* _Task material_:
● ● ● ● ●

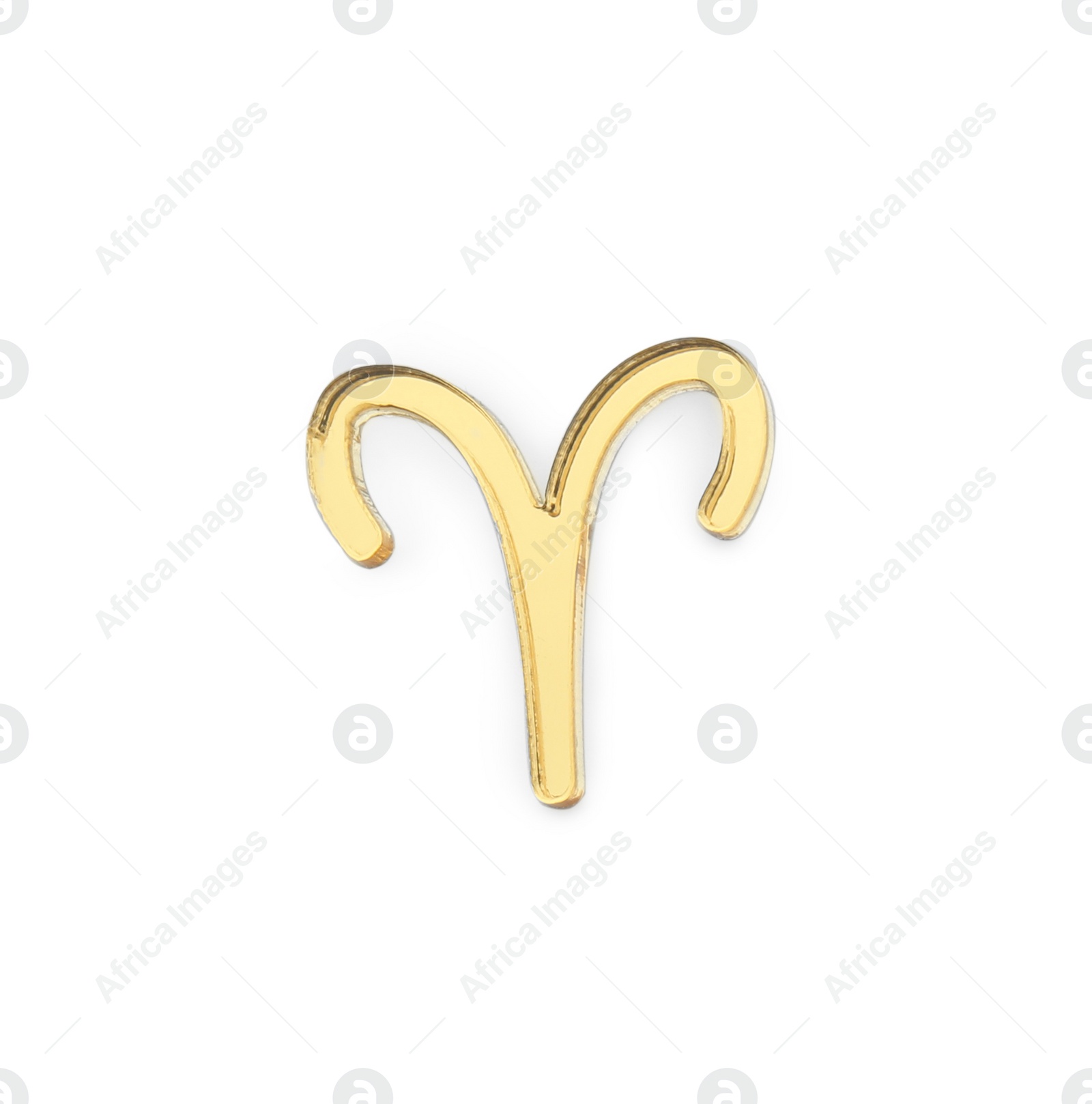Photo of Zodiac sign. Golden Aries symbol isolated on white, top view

● ● ● ● ●

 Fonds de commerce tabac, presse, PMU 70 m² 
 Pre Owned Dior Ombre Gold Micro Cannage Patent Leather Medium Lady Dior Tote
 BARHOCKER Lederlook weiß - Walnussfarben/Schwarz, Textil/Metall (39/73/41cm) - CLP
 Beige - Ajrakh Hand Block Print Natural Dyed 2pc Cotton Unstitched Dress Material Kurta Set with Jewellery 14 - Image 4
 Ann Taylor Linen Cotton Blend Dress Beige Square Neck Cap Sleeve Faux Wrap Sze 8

● ● ● ● ●

* _Exercise instructions_: Count every line of the material above that holds the string "Cotton", then state only the total.

* _Problem solution_: 2